Authored by YangKeao on Mar 17 2021, 9:14 AM.

Details

Summary

While probing stack, the stack register is moved without
dwarf information, which could cause panic if unwind the
backtrace at that point. This commit add dwarf information
for these operation, and use r11 (instead of rsp) to iterate
over pages to probe.

Diff Detail

Event Timeline

YangKeao created this revision.Mar 17 2021, 9:14 AM
YangKeao requested review of this revision.Mar 17 2021, 9:14 AM
Herald added a project: Restricted Project. · View Herald TranscriptMar 17 2021, 9:14 AM

There has been a bug report for this on bugzilla. A more "downstream" context for this feature is discussed in rust#83139.

nagisa added a subscriber: nagisa.
nagisa added inline comments.
llvm/test/CodeGen/X86/stack-clash-unknown-call.ll
18

The def_cfa_offset is superfluous here now. The last cfi directive should be either the adjust or def.

Generally, unlike the formats used on Windows etc., DWARF unwind isn't accurate in the prologue. I mean, you could add separate unwind info for each relevant instruction, but that would be a lot of data, and we currently don't have any option to do that.

Given that, I'm not sure what you're trying to accomplish here. I can't see how adding more .cfi_adjust_cfa_offset directives does anything useful.

Err, sorry, please pretend I didn't write that. I have no idea what I just wrote.

To clarify, I've done some more reading now, and figured out where I went wrong. For a long time, LLVM did not emit accurate unwind info to describe the prologue/epilogue (and still doesn't on some targets), so I was under the impression it wasn't possible. Clearly, it is, and it's implemented on x86.


The change to use r11 isn't implemented correctly: we can't adjust the stack pointer until *after* we've probed the relevant pages. It'll appear to work, but it won't actually provide complete protection if a signal handler triggers at the wrong time.

YangKeao added a comment.EditedMar 17 2021, 10:22 PM

To clarify, I've done some more reading now, and figured out where I went wrong. For a long time, LLVM did not emit accurate unwind info to describe the prologue/epilogue (and still doesn't on some targets), so I was under the impression it wasn't possible. Clearly, it is, and it's implemented on x86.

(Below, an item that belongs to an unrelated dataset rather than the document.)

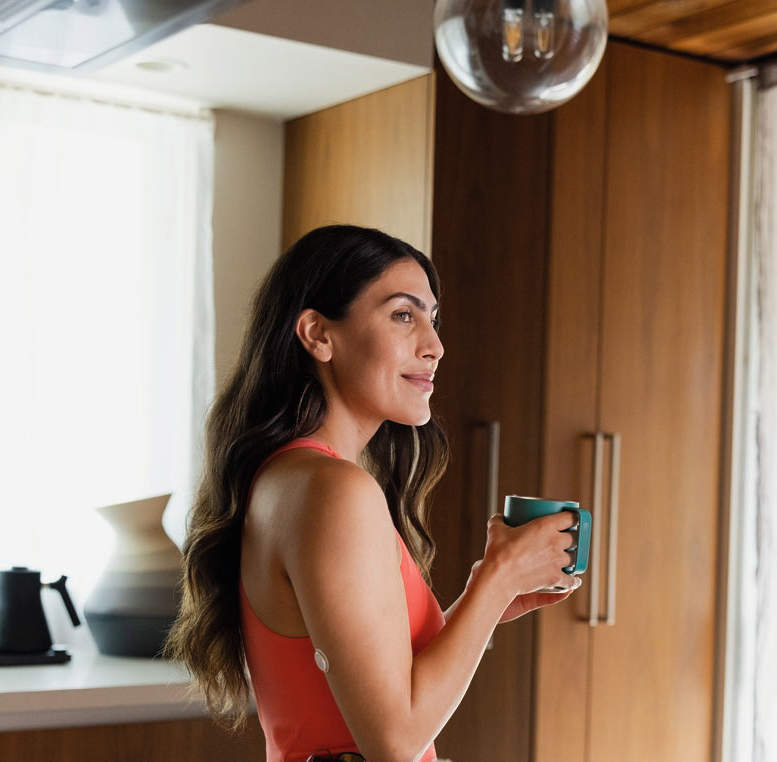 Vrouw die thee drinkt met FreeStyle Libre 3 Plus-sensor op arm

The change to use r11 isn't implemented correctly: we can't adjust the stack pointer until *after* we've probed the relevant pages. It'll appear to work, but it won't actually provide complete protection if a signal handler triggers at the wrong time.

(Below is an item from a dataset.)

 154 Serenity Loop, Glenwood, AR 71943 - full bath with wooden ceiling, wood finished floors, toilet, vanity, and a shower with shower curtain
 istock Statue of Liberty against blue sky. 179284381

Make sense. I tried to use r11 + offset to represent CFA temporarily. However, r11d cannot be used as a dwarf register on x86_32. Can I use another register (like di) here?

YangKeao updated this revision to Diff 331477.Mar 18 2021, 12:40 AM
  • Use rdi to represent the stack bound and CFA
  • Remove extra tailing offset adjust
YangKeao marked an inline comment as done.Mar 18 2021, 12:44 AM
YangKeao added inline comments.
llvm/test/CodeGen/X86/stack-clash-unknown-call.ll
18

The def_cfa_offset is superfluous here now. The last cfi directive should be either the adjust or def.

18

Fixed by removing the last adjust

YangKeao updated this revision to Diff 331503.Mar 18 2021, 3:21 AM

reformat the code

Make sense. I tried to use r11 + offset to represent CFA temporarily. However, r11d cannot be used as a dwarf register on x86_32.

What registers can be used? I did a quick search and couldn't find anything.

Can I use another register (like di) here?

Any register that isn't callee-preserved could be used (or any register in general if its spilled first), assuming it isn't used for something else already. I did a quick search in an effort to figure out which registers are callee-saved on x86, but couldn't find anything definitive :(

This makes me wonder, though: why not leave selection of the register to use here to regalloc?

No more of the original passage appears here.